Setting Node Affinity in Workload Submissions

When submitting a workload, include the nodeAffinityRequired field in the API body. This field should describe the required node affinity rule, similar to Kubernetes’ nodeAffinity under requiredDuringSchedulingIgnoredDuringExecution.

See NVIDIA Run:ai API for more details.

Example:

curl -L 'https://<COMPANY-URL>/api/v1/workloads/workspaces' \ 
-H 'Authorization: Bearer <API-TOKEN>' \
-H 'Content-Type: application/json' \
-d '{
      "name": "workload-name", 
      "projectId": "<PROJECT-ID>", 
      "clusterId": "<CLUSTER-UUID>", 
      "spec": {
        "nodeAffinityRequired": {
          "nodeSelectorTerms": [
            {
              "matchExpressions": [
                {
                  "key": "run.ai/type",
                  "operator": "In",
                  "values": ["training", "inference"]
                }
              ]
            }
          ]
        }
      }
    }'

Viewing Node Affinity in Workloads

nodeAffinity is dynamically generated by combining user input with system-level scheduling requirements. The final, effective affinity expression is a result of several components:

  • User-defined affinity - The initial rules you provide for the workload

  • Platform features - System-generated rules for features such as node pools and Multi-Node NVLink (MNNVL)

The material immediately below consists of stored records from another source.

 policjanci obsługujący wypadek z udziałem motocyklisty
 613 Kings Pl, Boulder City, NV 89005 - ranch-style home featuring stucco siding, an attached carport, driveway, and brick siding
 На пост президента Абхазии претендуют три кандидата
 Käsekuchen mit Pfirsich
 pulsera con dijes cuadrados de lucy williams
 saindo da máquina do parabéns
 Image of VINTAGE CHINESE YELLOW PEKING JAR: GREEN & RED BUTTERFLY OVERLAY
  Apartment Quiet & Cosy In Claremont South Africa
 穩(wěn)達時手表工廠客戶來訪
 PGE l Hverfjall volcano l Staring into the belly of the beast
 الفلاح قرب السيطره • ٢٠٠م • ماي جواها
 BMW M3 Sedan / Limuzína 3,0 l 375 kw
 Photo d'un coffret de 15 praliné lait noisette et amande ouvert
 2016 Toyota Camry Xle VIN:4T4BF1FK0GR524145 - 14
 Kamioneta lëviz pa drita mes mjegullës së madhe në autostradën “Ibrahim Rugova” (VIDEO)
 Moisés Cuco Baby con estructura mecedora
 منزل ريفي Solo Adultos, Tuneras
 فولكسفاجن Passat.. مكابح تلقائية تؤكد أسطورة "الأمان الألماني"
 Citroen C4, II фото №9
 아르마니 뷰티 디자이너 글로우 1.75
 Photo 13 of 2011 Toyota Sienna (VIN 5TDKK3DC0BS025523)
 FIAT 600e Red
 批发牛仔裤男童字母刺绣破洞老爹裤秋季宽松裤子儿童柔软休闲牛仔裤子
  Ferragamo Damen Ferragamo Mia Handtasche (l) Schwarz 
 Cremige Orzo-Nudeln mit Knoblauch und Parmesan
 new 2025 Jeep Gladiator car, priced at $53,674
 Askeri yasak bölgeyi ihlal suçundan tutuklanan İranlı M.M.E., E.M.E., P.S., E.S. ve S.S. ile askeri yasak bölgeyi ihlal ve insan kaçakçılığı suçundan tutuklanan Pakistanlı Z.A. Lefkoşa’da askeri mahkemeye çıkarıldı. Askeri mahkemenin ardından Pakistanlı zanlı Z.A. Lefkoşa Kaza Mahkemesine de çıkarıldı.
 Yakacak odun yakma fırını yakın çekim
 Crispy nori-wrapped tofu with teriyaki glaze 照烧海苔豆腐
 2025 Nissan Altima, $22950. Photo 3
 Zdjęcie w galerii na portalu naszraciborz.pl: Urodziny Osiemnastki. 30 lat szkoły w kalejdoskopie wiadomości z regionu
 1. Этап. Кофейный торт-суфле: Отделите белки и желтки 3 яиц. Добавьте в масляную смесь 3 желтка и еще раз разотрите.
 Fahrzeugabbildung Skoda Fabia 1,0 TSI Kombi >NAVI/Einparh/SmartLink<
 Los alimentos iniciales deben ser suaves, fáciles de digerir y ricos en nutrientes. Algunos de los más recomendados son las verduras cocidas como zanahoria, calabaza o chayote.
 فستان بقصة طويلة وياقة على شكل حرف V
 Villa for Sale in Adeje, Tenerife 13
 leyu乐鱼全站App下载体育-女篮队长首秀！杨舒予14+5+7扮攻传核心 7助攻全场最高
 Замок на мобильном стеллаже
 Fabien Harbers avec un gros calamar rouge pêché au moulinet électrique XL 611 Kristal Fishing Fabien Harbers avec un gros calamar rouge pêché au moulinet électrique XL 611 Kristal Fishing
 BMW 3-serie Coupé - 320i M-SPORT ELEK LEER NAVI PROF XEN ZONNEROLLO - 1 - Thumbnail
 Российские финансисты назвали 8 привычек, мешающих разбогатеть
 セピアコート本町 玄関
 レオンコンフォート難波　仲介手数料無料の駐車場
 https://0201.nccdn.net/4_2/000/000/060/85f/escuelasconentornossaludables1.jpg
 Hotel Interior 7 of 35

  • Scheduling policies - Additional constraints applied by the NVIDIA Run:ai Scheduler

As a result, the affinity expression returned by the GET workloads/{workloadId}/pods endpoint reflects this final merged configuration, not only your original input.

Example:

A user submits a workload excluding nodes runai-cluster-system-0-0 and runai-cluster-system-0-1:

"nodeAffinityRequired": {
        "nodeSelectorTerms": [
          {
            "matchExpressions": [
              {
                "key": "kubernetes.io/hostname",
                "operator": "NotIn",
                "values": [
                    "runai-cluster-system-0-0",
                    "runai-cluster-system-0-1"
                ]
              }
            ]
          }
       ]
     }

The project also has quotas on two node pools: pool-a and pool-b. The merged affinity expression returned by the API reflects both the user-defined rules and the system-enforced node pool constraints:

{
  "pods": [
    {
      .
      .
      .
      "requestedNodePools": [
          "pool-b",
          "pool-a"
      ],
      "nodeAffinity": {
        "required": {
          "nodeSelectorTerms": [
            {
              "matchExpressions": [
                {
                  "key": "kubernetes.io/hostname",
                  "operator": "NotIn",
                  "values": [
                    "runai-cluster-system-0-0",
                    "runai-cluster-system-0-1"
                  ]
                },
                {
                  "key": "node-pool-label",
                  "operator": "In",
                  "values": [
                    "b"
                  ]
                }
              ]
            },
            {
              "matchExpressions": [
                {
                  "key": "kubernetes.io/hostname",
                  "operator": "NotIn",
                  "values": [
                    "runai-cluster-system-0-0",
                    "runai-cluster-system-0-1"
                  ]
                },
                {
                  "key": "node-pool-label",
                  "operator": "In",
                  "values": [
                    "a" 
                  ]
                }
              ]
            }
          ]
        }
      },
      .
      .
      .
    }
  ]
}

Applying Node Affinity via Policies

Administrators can enforce node affinity policies in two ways:

  • Can edit - The administrator applies a policy, but users can override it when submitting a workload.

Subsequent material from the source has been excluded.